I could go on with this list for pages. In fact, I have: walking policies for SacCity, and many related posts. But the city is still not taking meaningful action on any of these items, so I will keep reposting. For as long as it takes. And it will probably take quite some while before the city gets over its culture of doing the least amount possible.

Caveat: The city has disinvested in lower income and high minority neighborhoods, probably for its entire history. The first steps should be taken in these neighborhoods, with input from the residents, of course, and not in higher income and non-minority neighborhoods which have always gotten more than their share.

whither Sacramento Vision Zero?

The City of Sacramento adopted Vision Zero in 2017, and developed a Vision Zero Action Plan in 2018. The plan identified five high injury corridors for projects to slow traffic and increase safety for walkers and bicyclists. The city then developed a plan for these five corridors in 2021. The city has obtained grants for some of these corridors, and will apply for more. The city lowered speed limits in a number of schools zones (though street design, drop-off/pick-up procedures, and motorist behavior are the issues in most school zones, not speeding). The city also developed a public outreach education program, though there is no evidence of such programs having any effect on driver behavior (NHTSA and California OTS have thousands of programs with no demonstrated success). So far, so good.


  • The city has intentionally ignored high injury intersections, unless they are on one of these corridors. No grant applications have been made to fix intersections, though intersections are where most fatalities and severe injuries occur. No non-grant actions have been taken to fix high injury intersections.
  • The city has failed to set up a crash investigation team to determine causes and solutions for every fatality. The police department (or CHP if the crash occurs on a state highway) will do an investigation, and sometimes involve traffic engineers, but never involves planners, never involves experts in nonprofit organizations (who have as much if not more expertise than city staff), and never involves citizens who walk and bike.
  • The Vision Zero Task Force, which met in 2016 and 2017, has never met since. That means there is no community guidance for the Vision Zero program. City staff is making all the decisions on Vision Zero.
  • The city has ignored all the low cost options for reducing motor vehicle crashes. As just one example, the city has been asked to remove pedestrian beg buttons and create leading pedestrian intervals (LPIs) at all signalized intersections, but did only a small beg button set to auto-recall on five crosswalks, and have not increased the number of LPIs in years.

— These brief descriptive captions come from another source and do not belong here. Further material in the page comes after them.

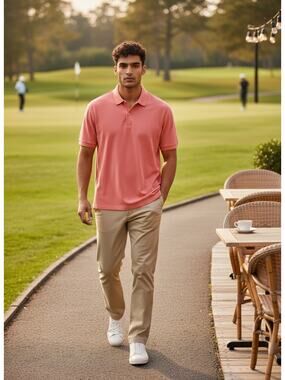 Peter Millar Men's Seaside Golf Polo Coral/Peach Size Small Tall
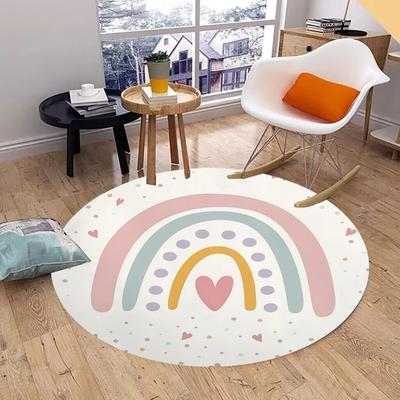 Runde Regenbogen-Wolken-Teppichmatte Teppich Heimdekoration Kinderzimmer Cartoon-Muster Bodenmatte für Wohnzimmer Kinderzimmer Schlafzimmer Dekoration
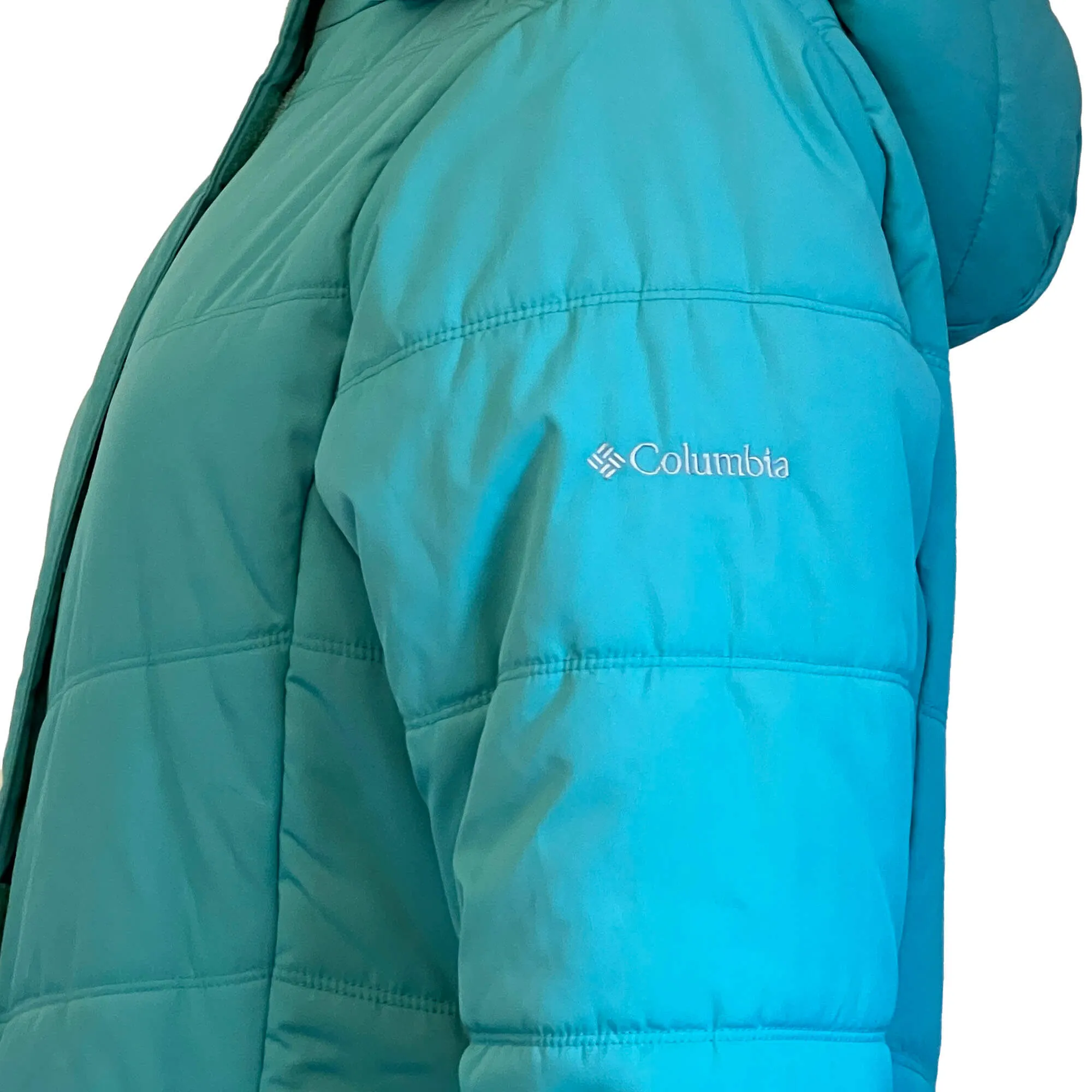 Women's Columbia Teal Blue Parka Jacket. Size L. Faux Fur Trim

  • The city should create an effective crash investigation team, composed of law enforcement, city traffic engineers, city planners, nonprofit experts, and citizens who walk and bike, and perhaps a representative of the neighborhood association in which the crash occurred. The team should never be led by law enforcement, which has an anti-walker and anti-bicyclist windshield bias. It has been suggested that streets where fatalities have occurred be shut down until the investigation and resulting fixes are in place, which is an idea worth considering.
  • The city should identify the top five high injury intersections, and commit to significant changes to eliminate crashes at those intersections, within three years. And then move on to the next five. The corridor projects and intersection projects should be considered co-equal in city funded projects or grant applications.
  • The city Active Transportation Commission should take on a strong leadership role in advising the council on the Vision Zero program. It may also be appropriate to re-convene the task force to provide more detailed guidance to staff.
  • The city should implement a Vision Zero project to change all traffic signals in the entire city to auto-recall (with removal of the physical beg buttons as staffing allows) and leading pedestrian intervals.
  • The city should undertake a review of peer cities that have reduced speed limits city-wide, to determine whether to implement this change and how to learn from the experiences of other cities. If the review indicates that speeds can be reduced by as little as 3 mph by a reduction from 25 mph to 20 mph, the city should implement it city-wide. Similarly for higher speed streets.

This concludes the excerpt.